Ecological restoration actions are increasingly being implemented throughout the world (Jackson, Lopoukhine, & Hillyard, 1995; Jackson & Hobbs, 2009). Ecologists have been exploring the re‐establishment of the biodiversity and ecosystem function in the degraded ecosystem through revegetation (Martin, 2017; Rey Benayas et al., 2009). Three aspects of our study, however, distinguish it from previous studies on the effects of ecological restoration on biodiversity. First, our study was conducted to examine the effects of different restoration methods on biodiversity. Second, we examined the effects of ecological restoration on the diversity of plants, fungi, and bacteria. Third and most important, our study demonstrated that using sowing seeds for ecological restoration could improve the soil conditions but significantly reduced the diversity of fungi and bacteria.

4.1. The effects of sowing on community structures and soil properties

Many studies, including those based on field observations (Alexander et al., 2016; Cao et al., 2017; Sheng, Zhen, Xiao, & Hu, 2019) and meta‐analyses (Rey Benayas et al., 2009), have shown that ecological restoration tends to improve the functioning of ecosystem. In our study, we found community traits and soil properties improved after sowing, such as an increase in community coverage, plant density, soil moisture, and reduction in soil bulk density (Table 1 and Figure 3). Given that plant density increased significantly in the Medicago sativa sowing treatment, as also found in other studies (Sun et al., 2015), one might hypothesize that the increase in plant density was the result of a larger seed bank following sowing. However, the experimental site is located at northern China, where a limited amount of soil nitrogen is available (Gruber & Galloway, 2008; Wang et al., 2014). Legumes can fix nitrogen by means of symbionts (Bordeleau & Prévost, 1994), making the fixed nitrogen available for other plants and organisms growth under N‐limited conditions (Temperton, Mwangi, Scherer‐Lorenzen, Schmid, & Buchmann, 2007). Hence, we believe the ability of Medicago sativa to fix nitrogen caused a significant increase in plant density after sowing, while this did not occur in the Bromus inermis Leyss and Agropyron cristatum sowing treatments.
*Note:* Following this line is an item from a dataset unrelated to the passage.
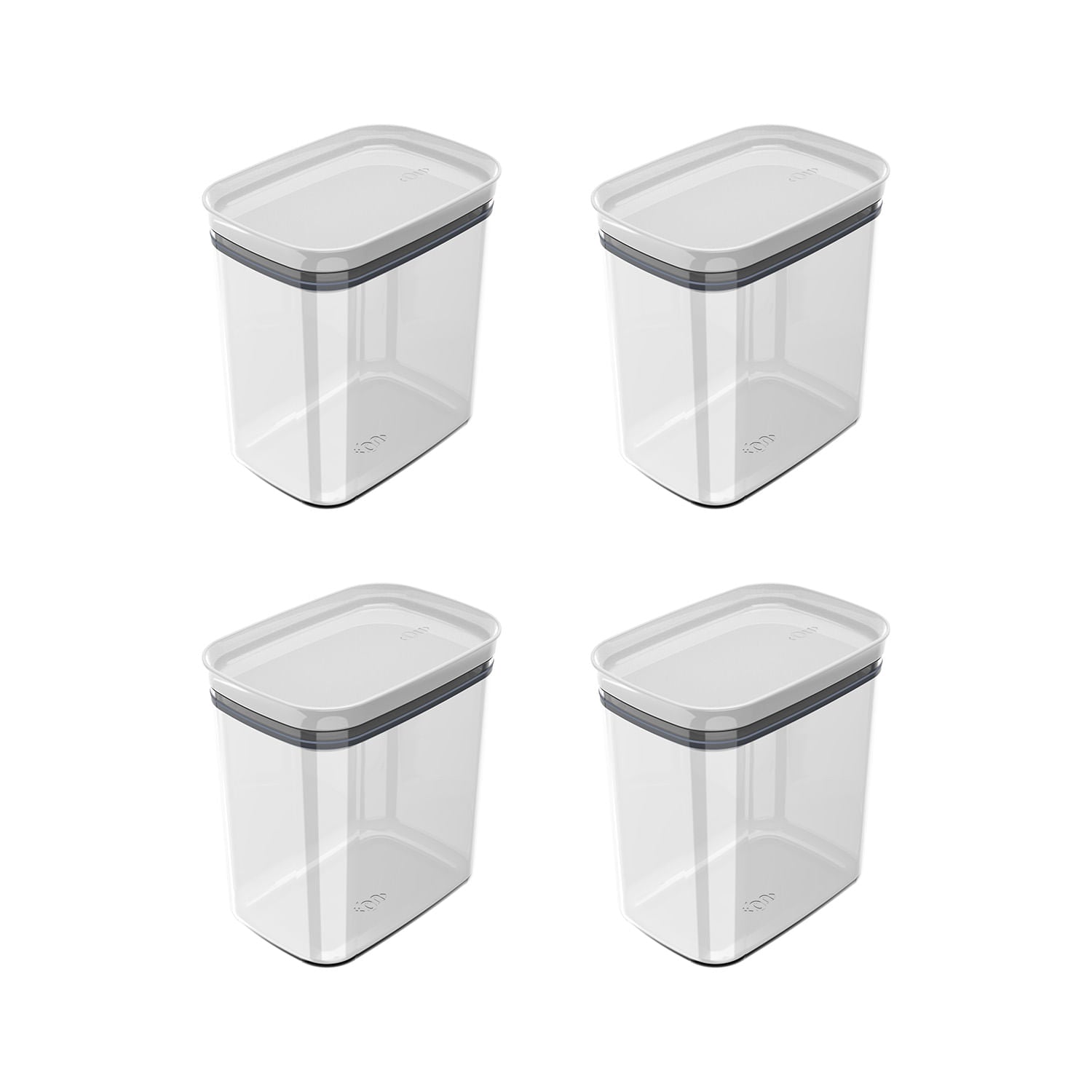 Kit de potes herméticos Ou 4 peças 1,5L Linha Block - Ou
Soil moisture and bulk density are the basic features of soil and could be influenced by the dynamics of plant density and root biomass (Liu et al., 2018). The findings in our study showed that sowing resulted in reduced bulk density and increased soil moisture, which resulted in an increase in plant density (Figure 5). Where compared with the natural recovery treatment, plant density increased significantly after sowing, which may have led to an increase in root biomass (Chapin, 1980); the increase in root biomass may have caused a decrease in bulk density and an increase in soil moisture (Craig & Fraterrigo, 2017; Guzman & Al‐Kaisi, 2011). Moreover, with the increase in plant density, the decomposition rate of soil carbon may increase significantly due to the enhancement of rhizosphere priming effects (Zhu et al., 2014), and this may then lead to a decline in soil organic carbon after sowing.

4.2. Diversity of fungi and bacteria decreases after sowing

A growing body of evidence suggests that the plant diversity in a sowing or planting area tends to be lower than in an area that recovers naturally from disturbance (Felton et al., 2010). Our findings reinforce this idea. An important characteristic of sowing was that the relative abundance of dominant species was significantly greater than that in the area of natural recovery (Figure 3), a finding that has also been reported in several other studies (Pywell et al., 2003; Rey Benayas et al., 2009). In degraded ecosystems, the sown species had a greater ability to acquire nutrients and light (Wang et al., 2012), and quickly became the dominant species of community (Figure 3d), which left narrower niches available for the colonization of other species. Hence, few species that both happen to be producing propagules and can disperse to the site will colonize, and thus the community will consist of only those few species capable of quickly reaching maturity (Connell, 1978).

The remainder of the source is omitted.